Il giorno 23 ottobre alle ore 10:00, si è tenuta, presso la libreria De Groene Waterman, una conferenza organizzata dalla Dante Alighieri di Anversa. L’incontro, moderato da Cristina Albani e Carmine Vilardi, ha coinvolto un buon numero di membri associati, che si sono entusiasmati nella lettura del romanzo Il treno dei bambini, di Viola Ardone.
L’esperienza mi è sembrata al contempo istruttiva e interessante. Non avevo mai preso parte ad un club di lettura, e le mie aspettative sono state superate. E’ stato bello incontrare altre persone ugualmente appassionate alla letteratura, e che come me, hanno letto con piacere la storia in questione. La parte interessante, dal mio punto di vista di studente Erasmus dal Sud Italia, è stata soprattutto quella di poter scoprire e confrontare le personalità e le idee di lettori provenienti, in questo caso, da un contesto geografico e culturale diverso rispetto al mio. Tutti gli associati, però, conoscono bene l’Italia e forse proprio per questo hanno amato questo libro.
Il treno dei bambini è una storia italiana: Amerigo, un bambino
napoletano, viene spedito in Nord Italia insieme a tanti suoi coetanei
meridionali per sfuggire dalla miseria del dopo guerra, sotto iniziativa del
Partito Comunista.
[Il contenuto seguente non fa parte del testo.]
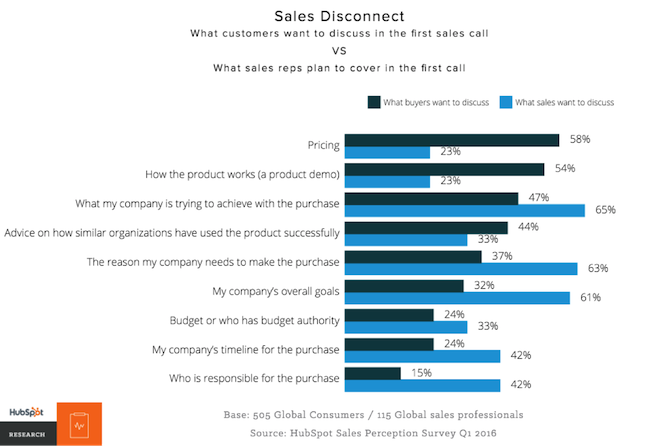 first-sales-call-topics.png first-sales-call-topics.png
La discussione è stata animata e ricca di osservazioni. Il libro, infatti,
offre numerosissimi spunti. Si è partiti dalla trama in sé, l’analisi dei
personaggi e delle vicende, ma poi il discorso si è ampliato, toccando la
storia, la politica e la situazione della società in quel particolare momento
delicato, l’Italia dopo il conflitto.
Il libro è piaciuto perché riesce a raccontare con semplicità degli eventi
complessi: la separazione di un bambino dalla propria madre e dalla propria
terra, la povertà, la solidarietà e la speranza (Speranza è anche il
cognome di Amerigo).
Da non sottovalutare, inoltre, il linguaggio che Viola Ardone utilizza. Le
vicende sono narrate in prima persona dal protagonista, che all’inizio usa un
italiano stentato, molto contaminato dal dialetto napoletano, ma in generale
semplice, è il linguaggio di un bambino. Col passare del tempo questa lingua evolve,
Amerigo si trasferisce a Modena, studia e il suo italiano diventa un italiano
standard. Nella parte finale del libro, poi, un Amerigo ormai cinquantenne
ritorna nella sua Napoli esprimendosi in modo ancora diverso.
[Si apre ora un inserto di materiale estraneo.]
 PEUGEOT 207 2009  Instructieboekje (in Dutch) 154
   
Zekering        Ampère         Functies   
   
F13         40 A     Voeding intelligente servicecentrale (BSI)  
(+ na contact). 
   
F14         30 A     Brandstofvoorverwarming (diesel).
Questi cambiamenti di registro, se da un lato hanno suscitato qualche
perplessità fra i presenti, dall’altro rendono il libro un vivace esempio di
come la lingua italiana offra innumerevoli modi di esprimersi. È proprio questo
aspetto, infondo, secondo alcuni, ciò che fa innamorare di questa lingua.
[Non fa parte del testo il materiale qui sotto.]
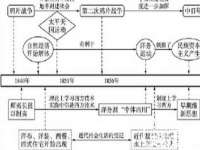 太原尚丰德贸易有限公司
Non sono mancati, fra i presenti, parallelismi cinematografici. Un po’ come i
film del neorealismo italiano, Il treno dei bambini, secondo molti, potrebbe
essere anche un ottimo prodotto, se adattato allo schermo.
Come si può intuire, il bilancio dell’incontro è stato estremamente positivo, e
proprio per questo, rifarei ancora quest’esperienza stimolante.